As the scene evolves, the hobos’ banter is accentuated by Partch’s distinctive instruments: microtonal strums, plucks, and harmonic slurs from the surrogate kithara and large kithara II, bell-like tones from the cloud chamber with its chorale of suspended glass bowls, contrasting polyrhythms from diamond marimba and the enormous deep-voiced bass marimba, the clicky-clack of the multitubed bamboo boo II, and the melodious moans (to quote Leonard Cohen, “like a drunk in midnight choir”) of the modified organ Partch christened the chromelodeon.

The huddle of the jungle camp gives way to the hawking of newsies: San Francisco – A Setting of Cries of Two Newsboys on a Foggy Night in the Twenties, with members of ensemble in the aisles brandishing the latest yellow journalism headlines of the Chronicle. Next came The Letter – A Depression Message From a Hobo Friend, with Schneider performing the role of a slouchy, hatted narrator.
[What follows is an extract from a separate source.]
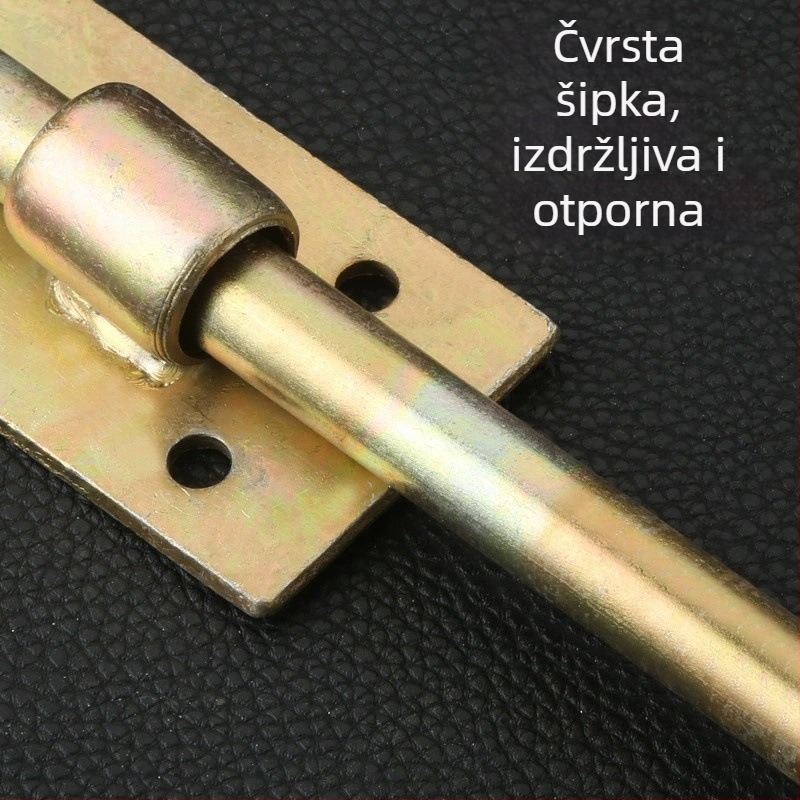 Jinchi Teški zasun za vrata, od željeza, premaz s cinkom u boji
It all builds toward what is by far the work’s most descriptive and lengthy movement — U.S. Highball – A Musical Account of a Transcontinental Trip, from San Francisco to Chicago. It incorporates the entire array of instruments as well as narrative and song to form a truly great piece of American musical landscape painting.
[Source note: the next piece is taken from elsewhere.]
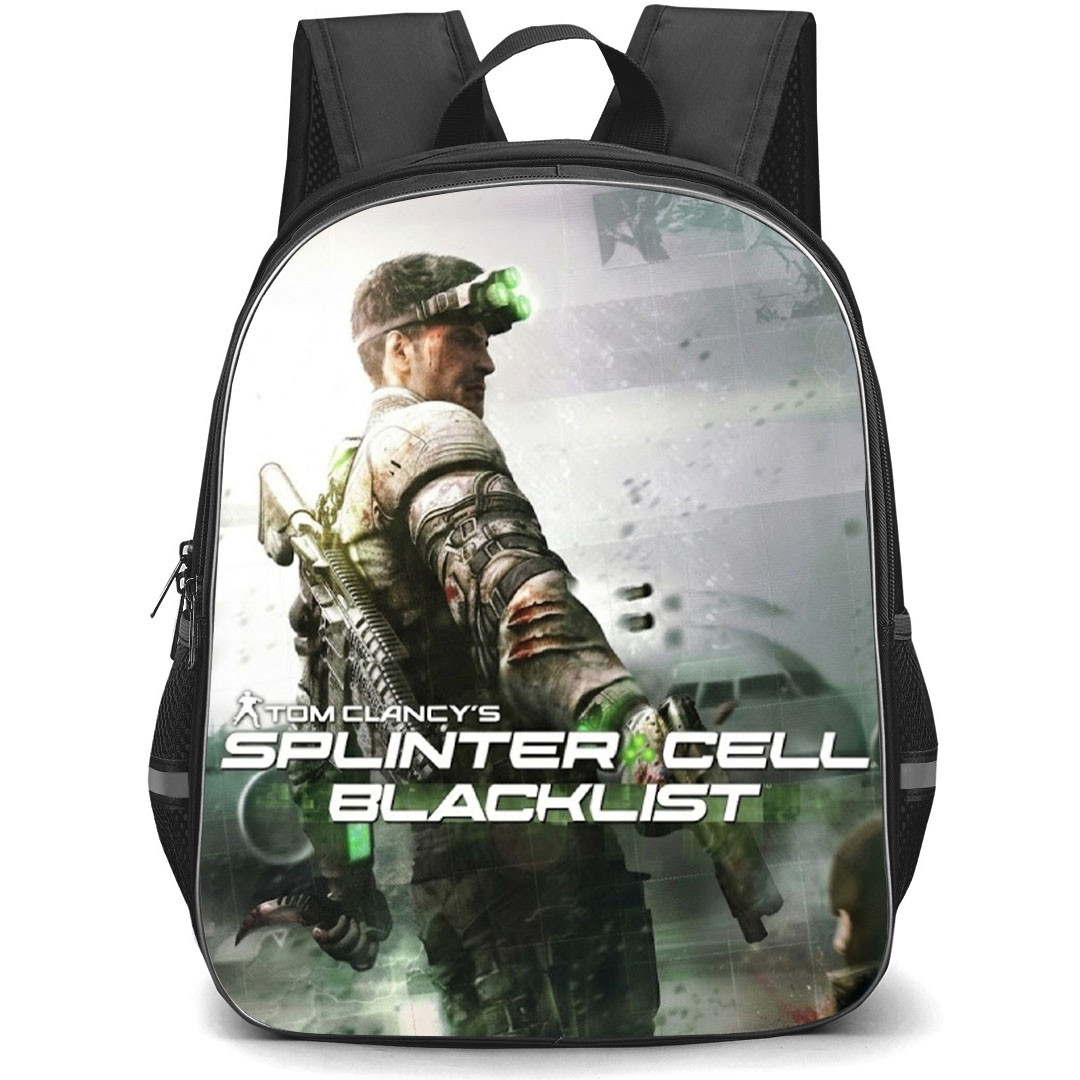 Tom Clancys Splinter Cell Backpack School Bag StudentPack - Tom Clancys Splinter Cell Blacklist Game Poster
Members of PARTCH Ensemble perform Harry Partch’s Wayward | Credit: Mike Baker

As the hero makes his way across the country, jolting along in an empty boxcar, puffing “over the hump to Cheyenne,” his thumb out for anyone “goin’ east,” Partch layers tones atop tones and creates polyrhythms that clatter like the rails. There’s even a sarcastic “praise the Lord” hymn offered up at a Salvation Army soup kitchen. It’s Whitman’s lure of the open road fragmented and filtered through the caustic lens of the Depression. It’s Kerouac before Kerouac. It’s Steve Reich before Different Trains.

The entire journey ends with a sultry, jazz-influenced coda with trumpet and saxophones that Partch added in 1955. It is appropriately titled for another great wanderer, Ulysses at the Edge of the World (A Minor Adventure in Rhythm).

Members of PARTCH Ensemble perform Harry Partch’s Wayward | Credit: Mike Baker

To complete the program the ensemble performed two shorter Partch creations — the somber tones of Dark Brother from 1942–43, with T.J. Troy intoning the vocal part, and Castor & Pollux: A Dance for the Twin Rhythms of Gemini from 1952, which moves dance-like as the music and the musicians shift from one grouping of instruments to another.

It could be said that in keeping with his less-than-cuddly personality, Harry Partch painted himself into a musical/historical corner, since his desire to expand beyond Western tonal horizons led him to compose pieces that could only be played on instruments of his own creation.

Thankfully, we have the members of the PARTCH Ensemble: John Schneider, Paul Berkolds, Vicki Ray, Matt Cook, Erin Barnes, Alex Wand, Nick Terry, Derek Stein, Dan Rosenboom, Ulrich Krieger, T.J. Troy, and Alison Bjorkedal, who are dedicated to keeping Harry Partch’s legacy — and his spectacular instrument designs — alive.